A special thanks goes to our merchant teams for bringing newness and amazing values across our 8 worlds, our store operations teams for delivering the one-of-a-kind in-store experience that is so special and unique to Five Below, the distribution center and allocation teams for ensuring our just got to have it product are in the stores on a timely basis, the real estate and construction teams who opened a record 41 stores in Q3, our many home office support teams for providing our stores with the help they need, and finally, the Five Below leadership team for inspiring us every day.
I'm truly blessed to be surrounded by an energetic, passionate and oh so talented team.
We believe that the unique combination of our value offering and fun, differentiated store experience has driven our success as a leading high-growth retailer.
We are on a mission to help make life better for our customers so they can let go and have fun.
With that, I'd like to turn the call back to the operator for questions.
Operator?
Operator
(Operator Instructions) Our first question comes from Scot Ciccarelli with RBC Capital Markets.
Scot Ciccarelli - Analyst
Scot Ciccarelli.
I guess my question is, historically, fourth quarter has been a tougher quarter for you guys just as more sales kind of shift online, you lose a lot of the walk-by traffic, et cetera, especially during the holiday season.
How do you guys assess or estimate what the negative impact of that shift will be on your business?
I mean, I think we all understand you have great top line momentum right now, but how do you assess what that negative impact of the channel shift is?
Joel D. Anderson - President, CEO & Director
Scot, it's a good question.
I guess, first of all, you've got to start with that was in our base last year and it'll -- it's in our guidance and look at -- look forward for the overall fourth quarter.
And I think at the end of the day, what makes Five Below so unique and different, if you go back to everything I said in my prepared remarks, it's the value retailer, it was a unique in-store differentiated experience.
And I think that's the part, the treasure hunt aspect that makes Five Below so unique and different.
And I would tell you from the second quarter to the third quarter and now leading into the fourth quarter, we continue to get better with the merchandise offering, our marketing efforts and what our store operators are doing to make the experience better than ever.
And when you factor all that in, as you can tell by our results and our forecast for Q4, we think we're going to have a great Q4.
Operator
The next question comes from John Heinbockel with Guggenheim Securities.
John Edward Heinbockel - Analyst
So I'm going to try to do 2 here, hopefully, quickly.
First, you look at the step up in the 2-year comp, right, over the last 6 months.
And what I'm trying to get my arms around is when you think about certain brands hit a tipping point, right, with brand awareness and consumer recognition, from what you're looking at, are we beginning to hit that?
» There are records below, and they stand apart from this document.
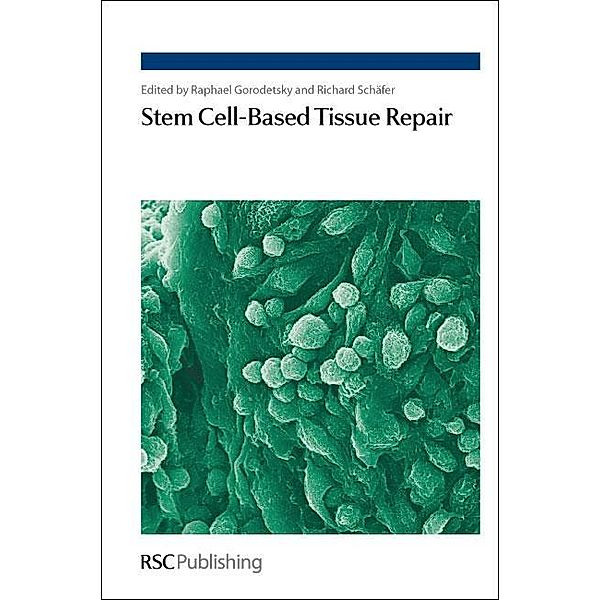 Stem Cell-Based Tissue Repair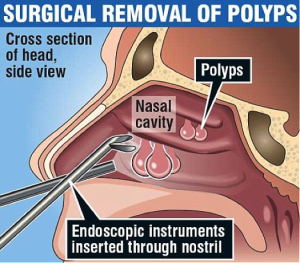 Nasal Polyp Surgical Removal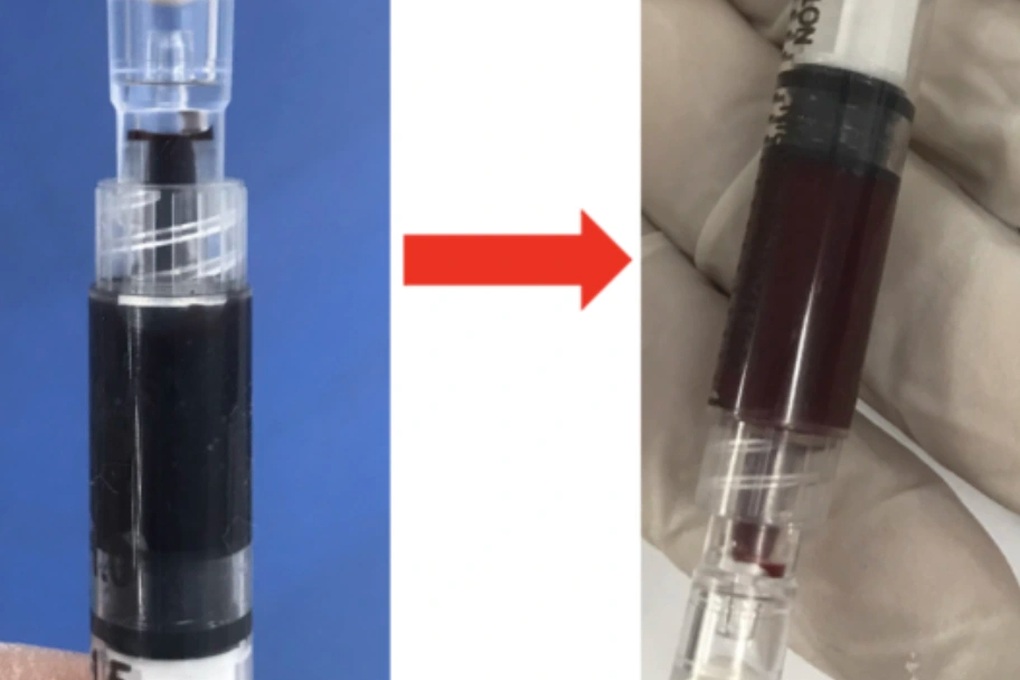 TPHCM: 5 người ngộ độc hóa chất nặng, bệnh viện khẩn cấp chia sẻ thuốc hiếm - 2 TPHCM: 5 người ngộ độc hóa chất nặng, bệnh viện khẩn cấp chia sẻ thuốc hiếm - 2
And is the brand awareness metrics that you look at suggesting that?
And then secondly, not relatedly, do we still need to get through the holiday season to make a decision on rolling out the remodeled stores next year?
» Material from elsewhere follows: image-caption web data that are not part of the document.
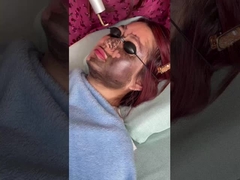 फेस लिफ्ट 585nm 650nm पिकोसेकंड लेजर डिवाइस 500ps 750ps 2000ps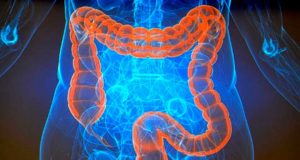 Si tienes uno de estos hábitos alimenticios, o has sufrido alguna de estas patologías, tienes más posibilidades de sufrir cáncer de colon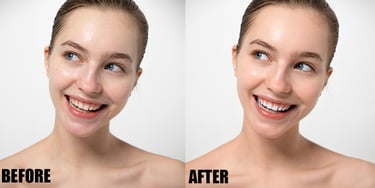 teeth-whitening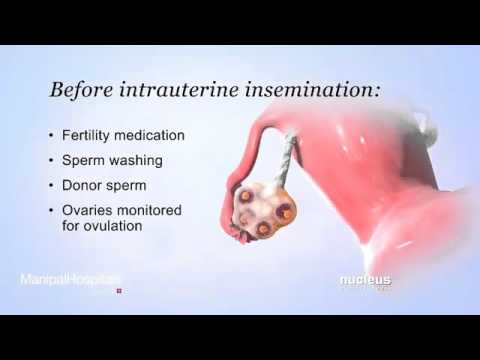 Iui- intrauterine insemination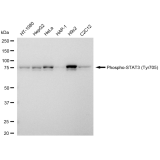 KD-Validated Phospho-STAT3 (Tyr705) Rabbit mAb (20 μl)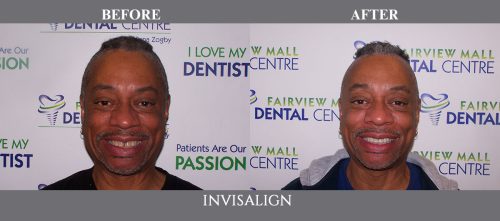invisalign01 (1)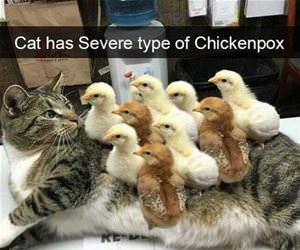 severe case of chickenpox funny picture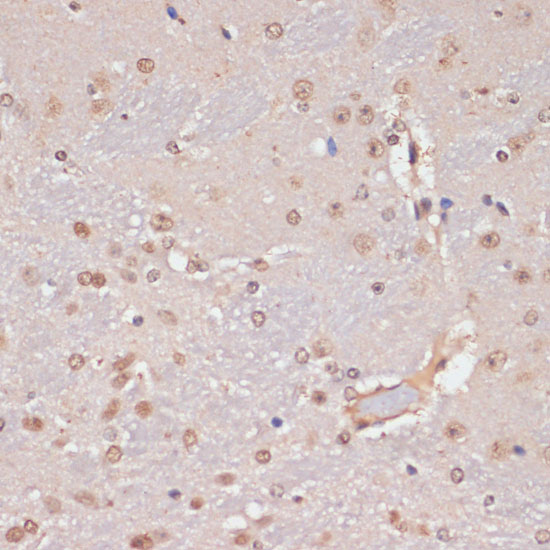 PIDD Polyclonal Antibody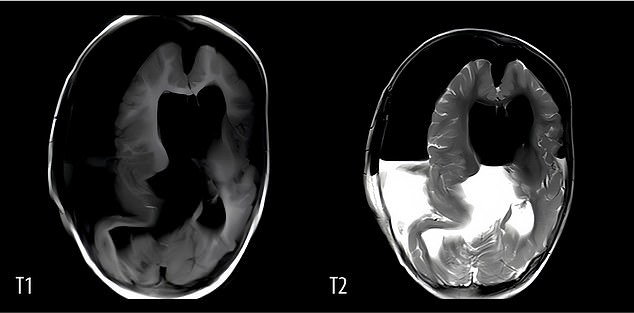 After the tissue was removed from the brain, the patient never recovered and succumbed to a series of severe seizures. The scans show her brain after the surgery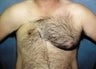 34 year old male patient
Or I guess -- or have you seen enough to determine that, that's probably something you want to do?
Joel D. Anderson - President, CEO & Director
Yes.
Taking the second question first.
Clearly, we need to get through the fourth quarter.
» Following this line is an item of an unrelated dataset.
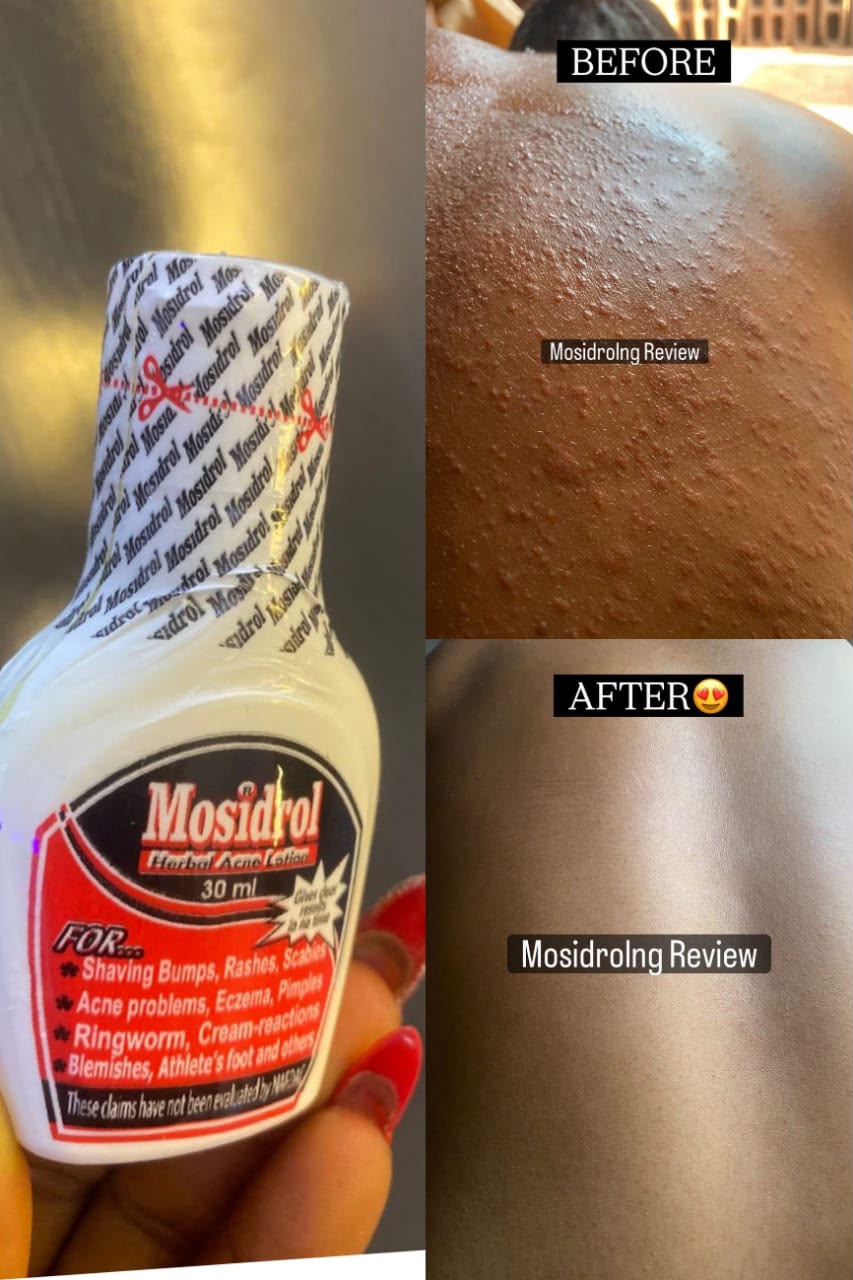 Before and after acne clearance result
As we shared with many analysts that toured Cherry Hill with us, we remodeled 4 stores this year.
we're pleased with the initial results we're seeing.
But like our Five Below brand, the fourth quarter is important.
And we wouldn't make any decisions on a remodel strategy until we get through the fourth quarter.
So that, clearly, we'll have more update for you all on our next earnings call.
As for brand awareness, it's not only brand awareness.
It's scale.
It's execution.
We clearly believe our brand awareness is getting better, and it's happening faster.
And we are planning to share some results with you all at the ICR Conference coming up in January.
But we're clearly hitting that tipping point, we believe, yes, John.
Operator
The next question comes from Jeremy Hamblin with Dougherty & Company.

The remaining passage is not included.